The film also shares some similarities with Kasme Vaade and Chor Sipahee in that there's a strong Christian undercurrent. Themes of forgiveness, prodigal fathers and martyrdom run amock while blunt Christian symbols look on: check out the wall furnishings in Dhanpatrai's office (Orthodox Christian paintings), or the crucial meeting-place between Dhanpatrai and Ravi (see below).
Note Sanjeev's trim physique and super shiny silver hair. Note Shashi's unflattering shirt.
Despite the funebreal air of glory gone by, the filmmaking is actually quite crisp. The narrative moves along well - indeed, the plot bulldozes this film along without pause for some fun or some heart - with especially effective cross-cutting used here and there (e.g. Shashi kicking some dude's butt on a train, while Randhir sings his initial love ballad). The sets also looked surprisingly hip in a non-ironic way, with narry a tacky accessory to be found (OK, Sanjeev's rhinestone bowtie was a bit much... but we loved it!).

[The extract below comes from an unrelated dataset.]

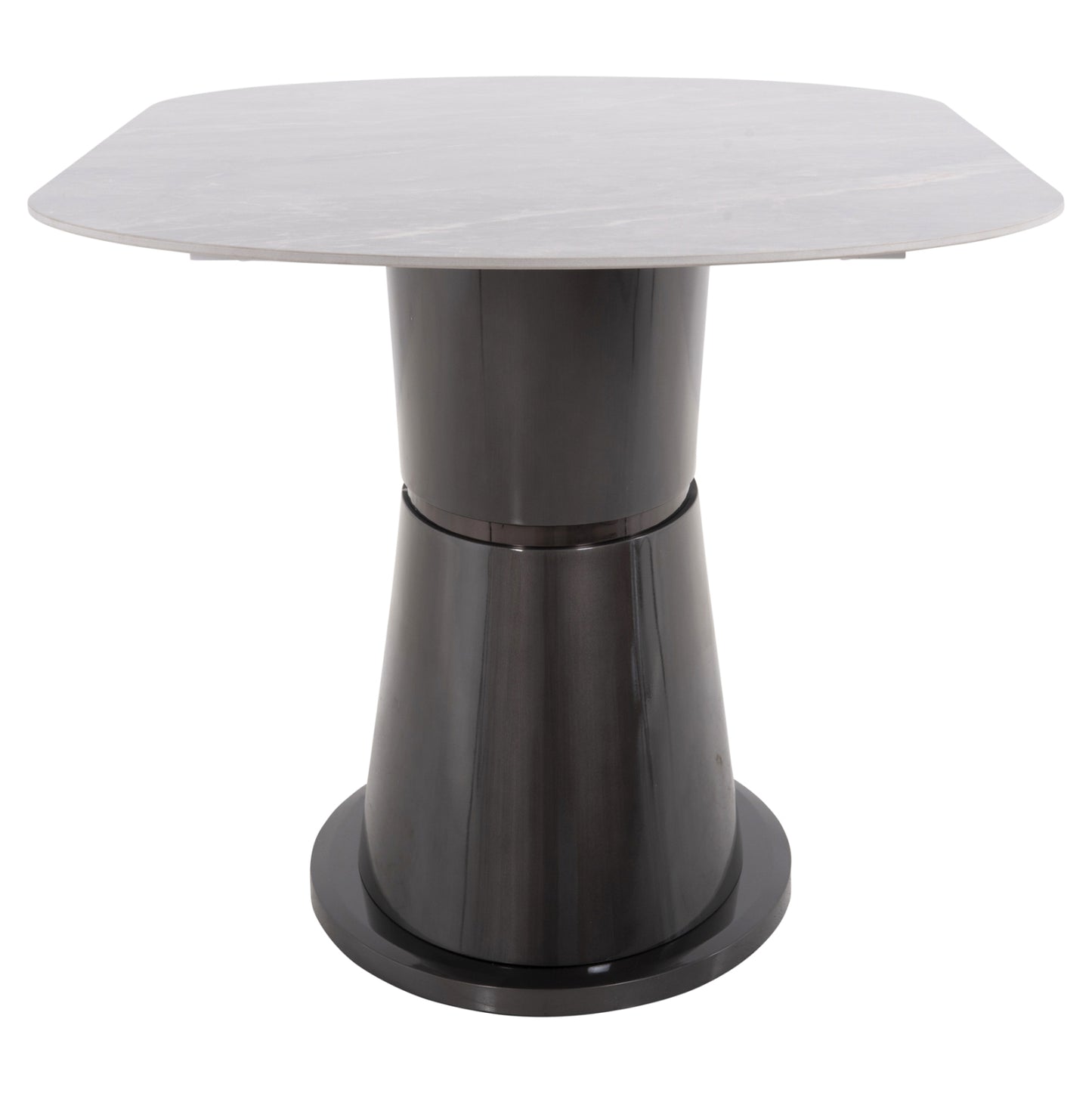 Dining Table Bent Hm9773.01 Ceramic In Grey Marble-mdf Base In Anthracite 180x90x76hcm.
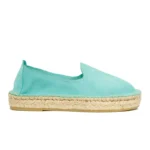 Woman's classic loafer espadrilles - Mint suede leather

And we should also note that this was the first (!) masala movie where the action actually made our heart stop! Very thrilling.
Yet even these moments of action, these moments of trendy art prints up on the wall, cannot rescue the film from itself. The final fight - as usual, a free-for-all with little bearing on the plot or characterization - seems slowed down to the point that we could just imagine the actor counting the beats under their breath, "1... 2... I move here now."
Helen has a cameo.
Apart from the sad Shashi and the super Sanjeev, the rest of the cast is as expected: Waheeda Rehman is too good to be in this film, Randhir Kapoor not only hams but channels his father hamming, Phoonam Dillon is forgettable, and Mac Mohan is DA BOOOMBZ. The songs are likewise forgettable, though, again, the cross-cutting makes them pretty spectacular in terms of narrative drive. We especially enjoyed the one scene where a character declares that Shashi must die, and we immediately fast-cut to Shashi and Phoonam in the forest, with Shashi singing, "I live and I die, and I lo-o-ove you." Yeah, irony!